Andrew Reeves, the property company, has launched five residential property funds that could delive...
Andrew Reeves, the property company, has launched five residential property funds that could deliver returns equivalent to 14-19% per annum over the next five to seven years.
Minimum investment is £30,000 and there will be a maximum of 50 shareholders in each fund. IFAs will be paid commission at a level yet to be finalised.
Each of the five funds will be capitalised at £1.5m, plus will have £2.5m in mortgage lending, to produce a £4m fund for investment in residential property.
Within each fund, 75% will be invested in buy to let properties, and the remaining 25% will be used to acquire London residential properties for refurbishment and resale. There will therefore be around 15 rental properties plus refurbishment projects within each fund.
The expected 14-19% returns depend on an average 6% growth in the values of property held by the funds, in addition to the contribution from refurbishment projects to convert and upgrade properties for resale.

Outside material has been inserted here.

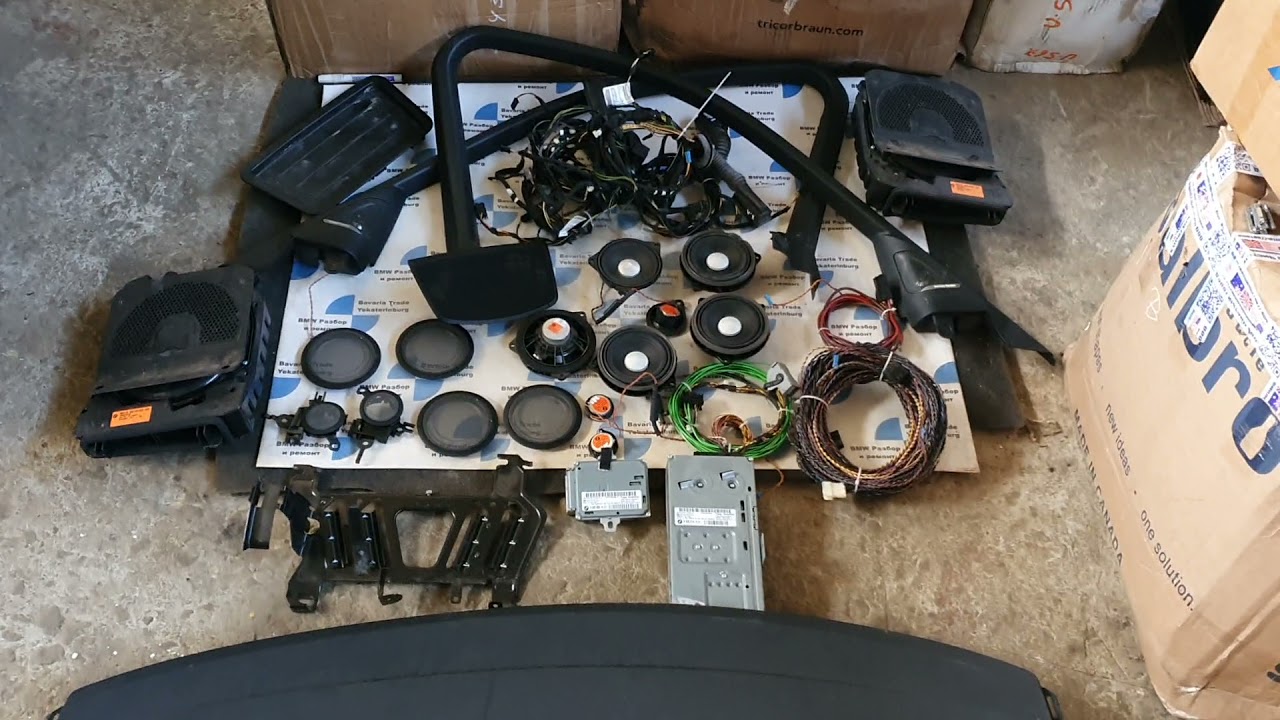 Аудиосистема Harman Kardon BMW F30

Each of the Andrew Reeves Property Ventures investment vehicles will be treated as a medium to long-term investment. All realised profits and gains will be reinvested each year, and the funds' assets will be finally realised and distributed to shareholders after five to seven years.

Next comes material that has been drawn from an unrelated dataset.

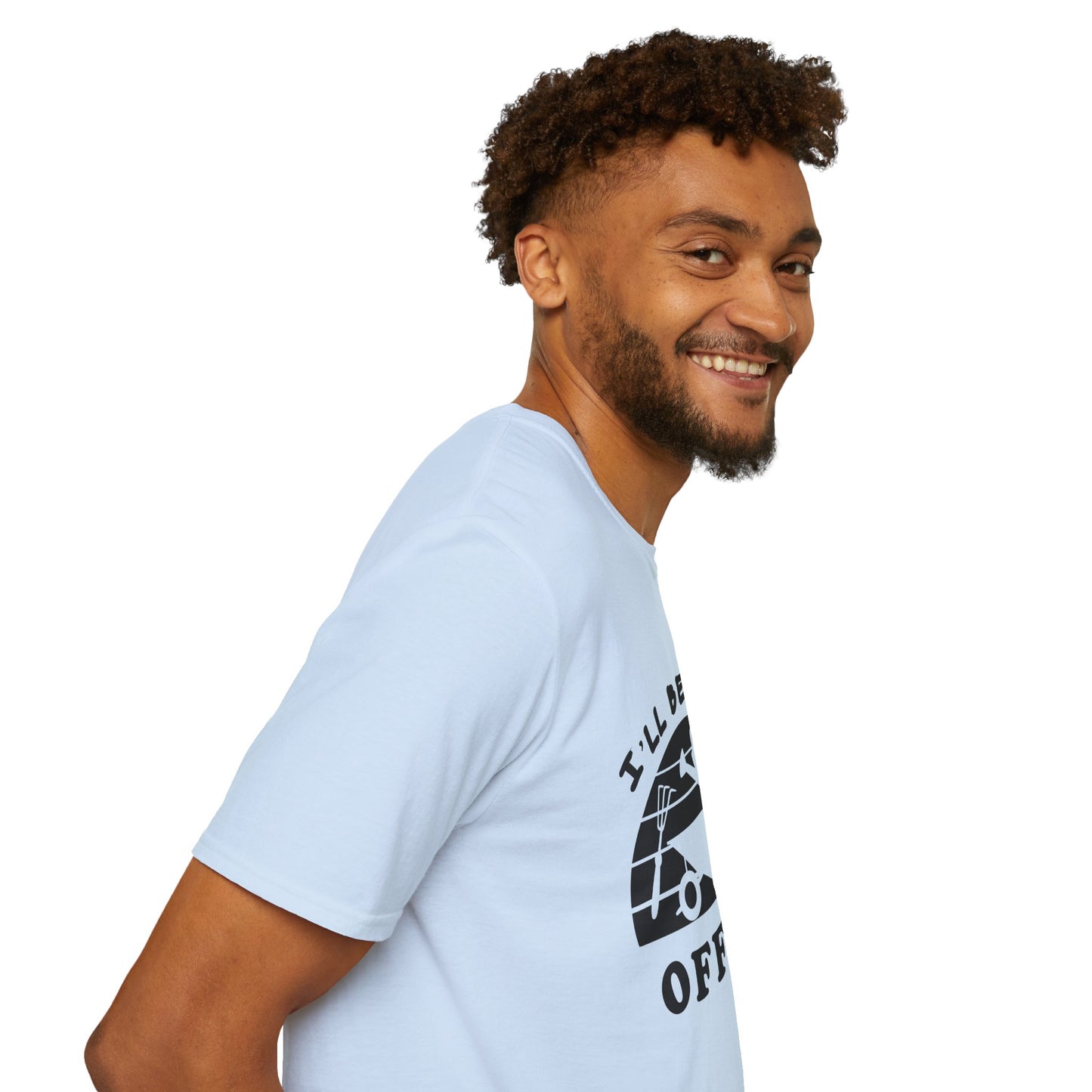 Garden Office T-Shirt — "I'll Be In My Office" Plant & Watering Can Tee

Andrew Reeves, chairman of the Andrew Reeves Group, said there is no automatic exit route for investors before the five to seven year period, being an unlisted product with no open market. However, provided there is another investor prepared to buy into the market, a sale of the shares in the fund can be organised.
"However, we don't envisage this being a problem. Most investors looking to invest in the buy to let market are looking at the medium to long term in any case," he said.